At this point, the service and the sidecar are both launched with ports open, but the sidecar is largely unconfigured. It only knows to keep checking in with the Grey Matter control plane for updated configuration. We will now send that configuration for the fibonacci service to the control plane.

There are six configuration objects necessary to configure the sidecar, represented by six JSON files (in fib/2_sidecar/ in the zip). We will go through each of them as we deploy them.

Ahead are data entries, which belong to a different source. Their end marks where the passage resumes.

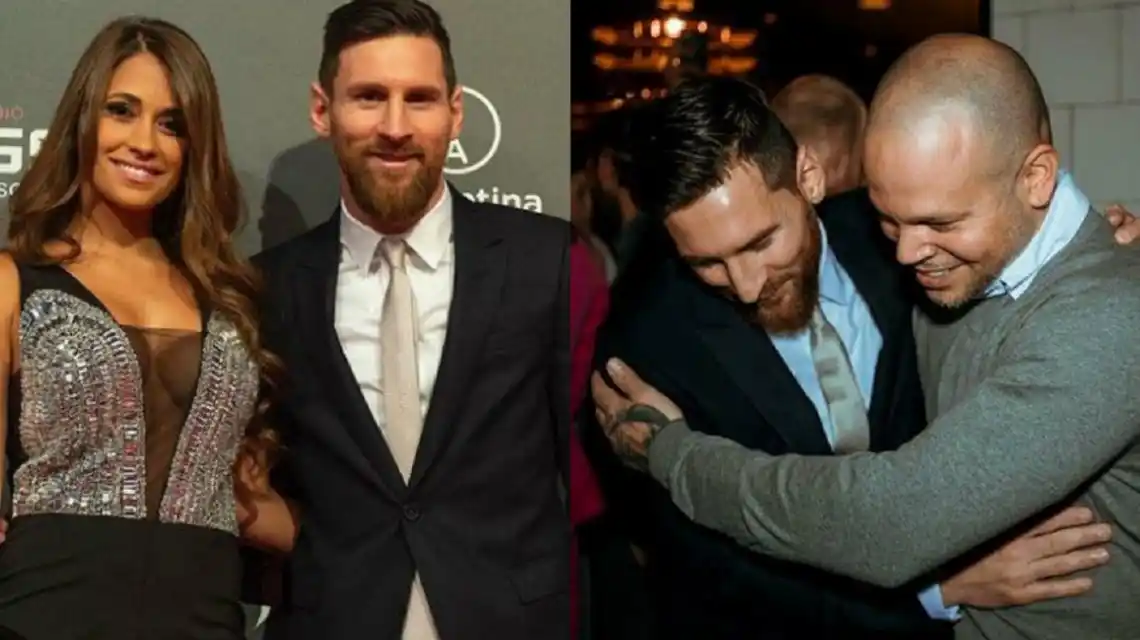 Mega lanzamiento del show de Messi del Cirque du soleil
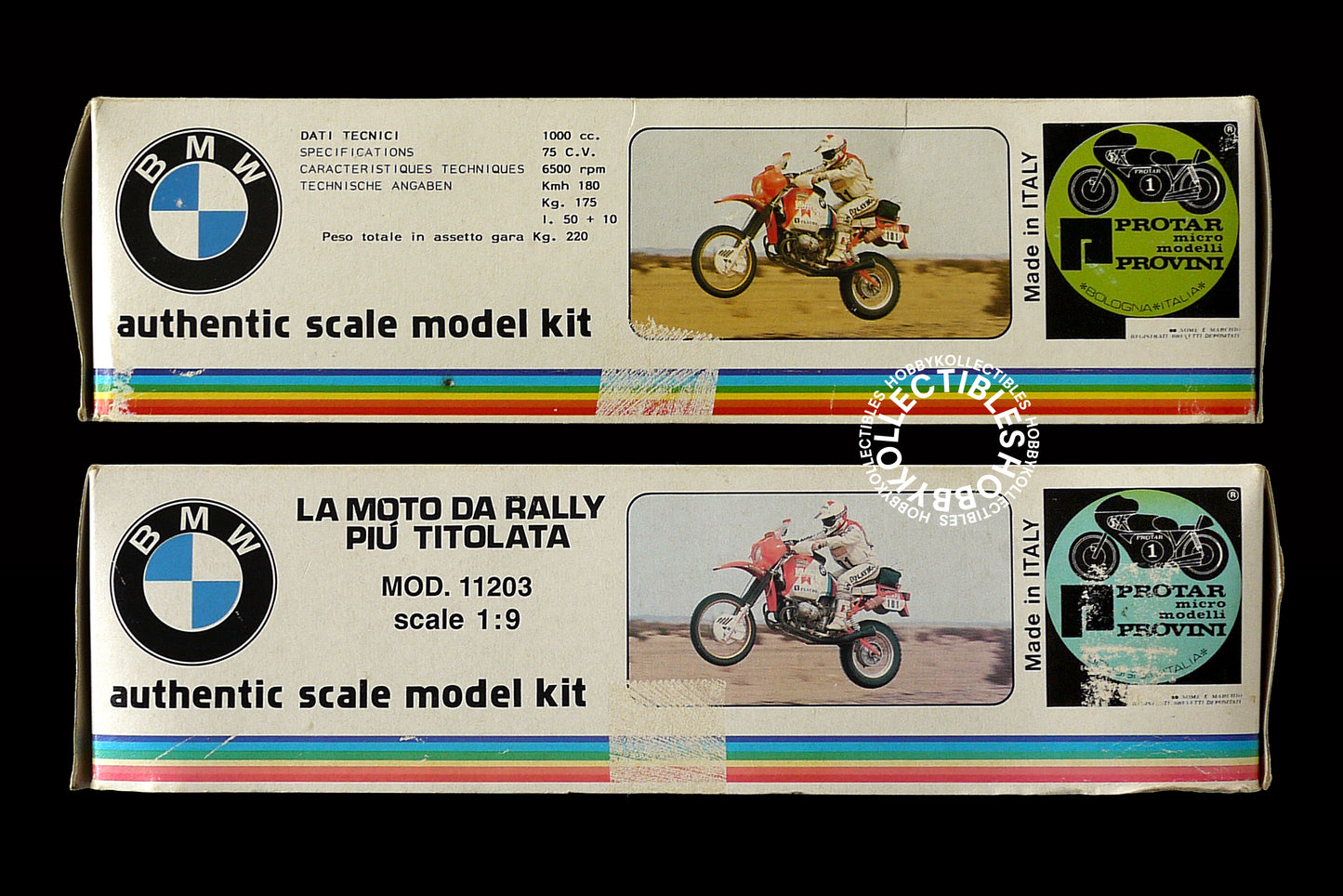 Protar Vintage 1/9 BMW Rally Mod. 11203 Motorcycle Model Kit
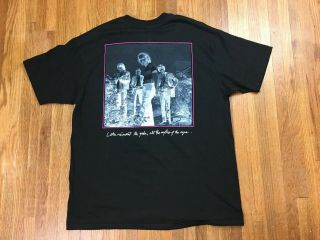 Vintage 90s The Doors T Shirt Sz L / XL Slim Fit Jim Morrison Graphic NOS 3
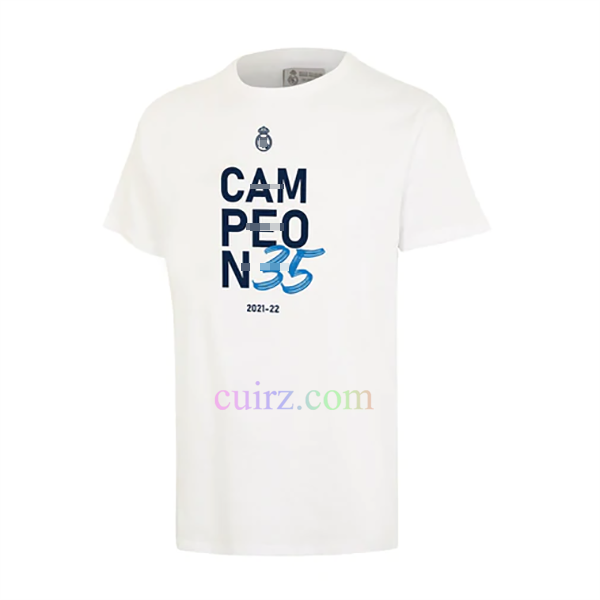 Camiseta Champion 35 Real Madrid 2022/23 | Cuirz 4
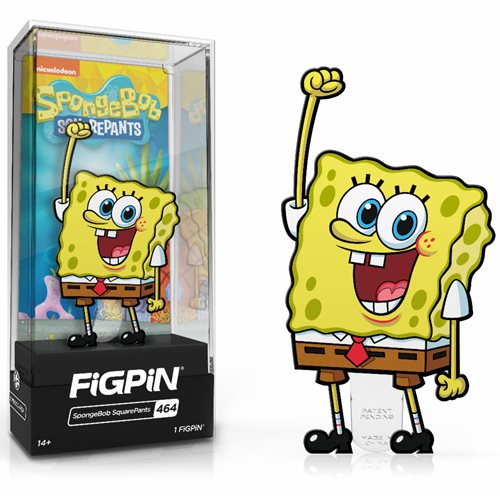 SpongeBob SquarePants FiGPiN Classic Enamel Pin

Note: A successful response to each greymatter CLI request will closely resemble the object sent, with three caveats:

  1. The response omits misspelled key names, which can be a source of confusion, so check carefully that all keys sent were received as expected.
  2. It may omit settings that match the defaults, depending on the command. E.g., edit omits defaults.
  3. It contains a checksum, which when using edit must not be changed (because it's used by Grey Matter Control to enforce isolation of updates).

Cluster

In Envoy parlance, a "cluster" corresponds to a virtual service load balanced across one or more cluster "instances". So for example, a hypothetical bookmarks service would be considered a "cluster" to Grey Matter, and the actual running code, along with its sidecar, would make up an instance of this bookmarks cluster. We create a cluster configuration whenever we want a Grey Matter sidecar proxy to be able to communicate with instances of another cluster, or with the service itself. In other words, anything at all the sidecar will need to communicate with is a "cluster".

Here we configure just one cluster, corresponding to the actual service code running next to the sidecar. We will later refer to this cluster (in our proxy config) using the cluster_key specified here to setup the request proxying.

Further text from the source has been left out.